§ **Directions**
An exact reprint of the listing is required, with no pictures included.

§ **Given data**
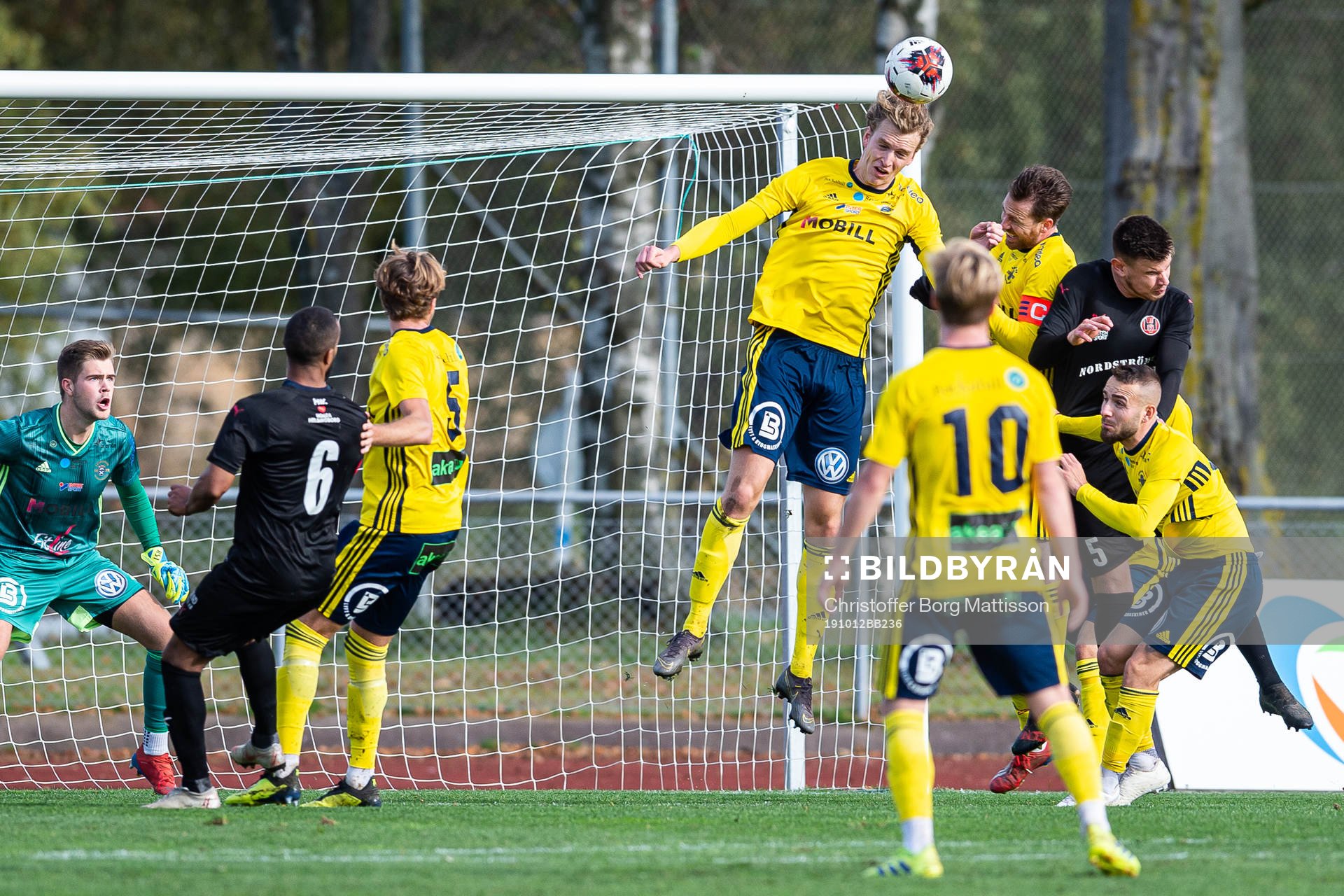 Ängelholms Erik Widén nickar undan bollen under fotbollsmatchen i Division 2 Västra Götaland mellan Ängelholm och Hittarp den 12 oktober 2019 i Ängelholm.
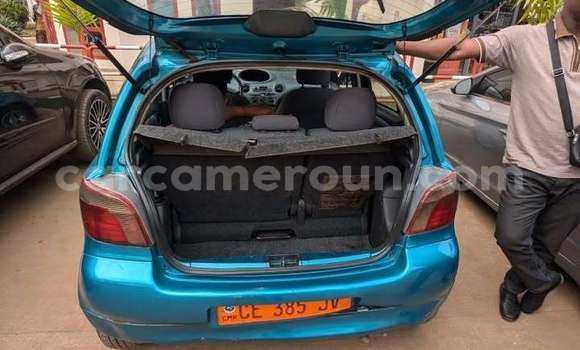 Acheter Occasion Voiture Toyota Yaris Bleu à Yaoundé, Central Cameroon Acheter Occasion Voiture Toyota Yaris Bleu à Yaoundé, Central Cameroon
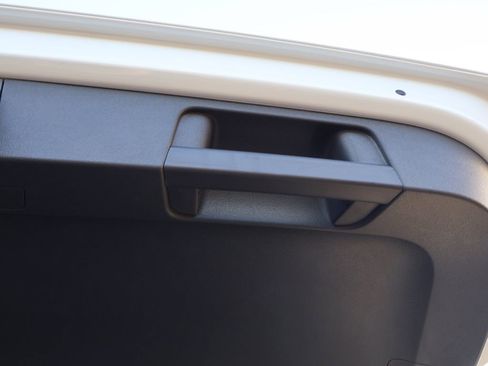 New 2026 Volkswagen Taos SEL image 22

§ **Answer below**
 Ängelholms Erik Widén nickar undan bollen under fotbollsmatchen i Division 2 Västra Götaland mellan Ängelholm och Hittarp den 12 oktober 2019 i Ängelholm.
 Acheter Occasion Voiture Toyota Yaris Bleu à Yaoundé, Central Cameroon Acheter Occasion Voiture Toyota Yaris Bleu à Yaoundé, Central Cameroon
 New 2026 Volkswagen Taos SEL image 22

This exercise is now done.